Una donna di 51 anni, era andata a casa di un uomo uomo di 46, di Brugherio, in Brianza, pensando di aver incontrato un possibile compagno. Non è andata esattamente come lei si aspettava, difatti una volta entrata nell’abitazione, la donna è stata presa in ostaggio, ripetutamente violentata e filmata per un mese. Il 27 marzo è riuscita a fuggire dall’appartamento e a trascinarsi nel cortile. Notata da alcuni passanti, la donna visibilmente confusa e in stato di malessere a causa dei farmaci che il 46enne le somministrava, è stata trasportata all’ospedale di Monza.

I carabinieri, hanno prontamente fatto partire il cosiddetto ‘codice rosso’, una legge introdotta nel 2019, a difesa delle vittime di violenza. Ma la donna, minacciata di revenge porn dal suo aguzzino, è tornata dall’uomo per fermarlo, finendo un’altra volta vittima delle sue violenze.

Questa volta a salvarla, un vicino di casa, che ha chiamato i carabinieri, i quali sono intervenuti prontamente ed hanno trovato la 51enne riversa a terra, stordita dai farmaci e impossibilitata a muoversi a causa delle violenze appena subite.  Nella casa del 46enne, i carabinieri hanno trovato corde, manette e collari erotici ed una telecamera, oltre a farmaci narcotizzanti e medicinali utilizzati per sedare la vittima prima di abusarne.

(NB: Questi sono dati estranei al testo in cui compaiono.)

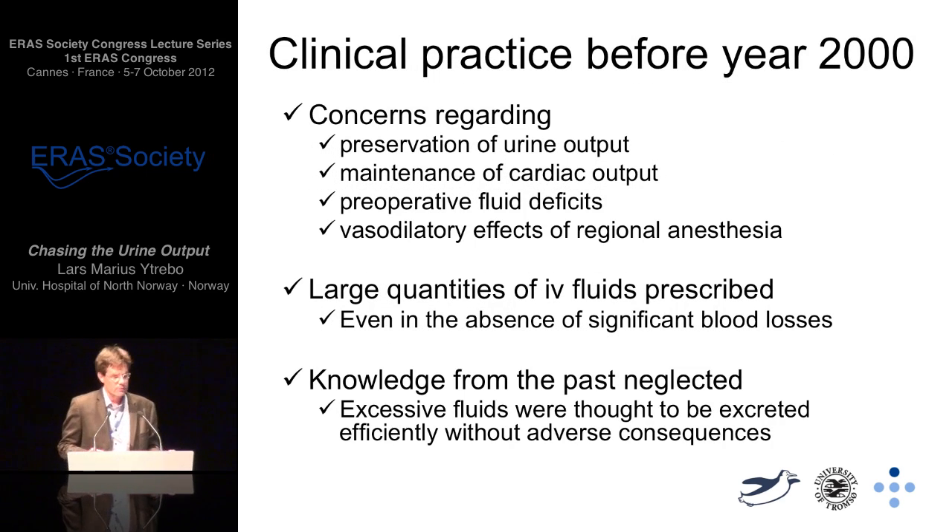Clinical practice before the year 2000 involved concerns regarding preservation of urine output, maintenance of cardiac output, preoperative fluid deficits, and concerns about vasodilatory effects of regional anaesthesia. Despite this, large quantities of IV fluids were prescribed even in the absence of significant blood losses. Knowledge from the past was probably neglected, and some thought that excess fluid could be given safely because it was excreted efficiently without adverse consequences.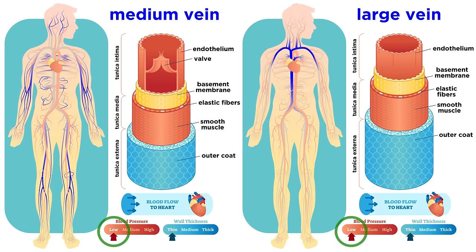Veins experience much lower blood pressure than arteries, and in order to prevent backwards flow, there are a number of venous valves that help direct blood flow, especially in the limbs, where blood has to go against gravity to get back to the heart.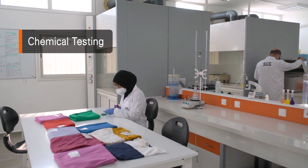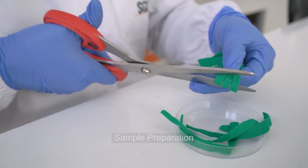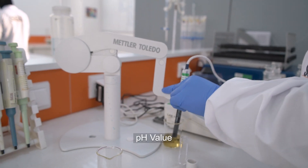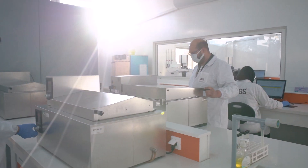We also perform the full range of chemical testing to make sure that no toxic or forbidden chemical components are present in the product and that it complies with consumer regulations in destination markets.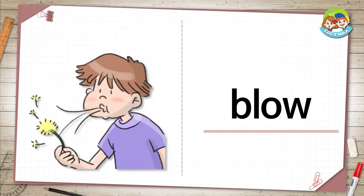The next word is blow. You see the boy has a flower in his hand. He uses his mouth to make air come out. He blows on the flower. What can you blow?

La donna è stata trasportata alla clinica Mangiagalli di Milano e l’uomo è stato arrestato in flagranza di reato per sequestro di persona, violenza sessuale e revenge porn.

Il 46enne non è nuovo a questo tipo di reati, difatti ha ricevuto anche un’altra ordinanza di custodia cautelare per violenza sessuale, maltrattamenti in famiglia e revenge porn, ai danni della sua ex moglie.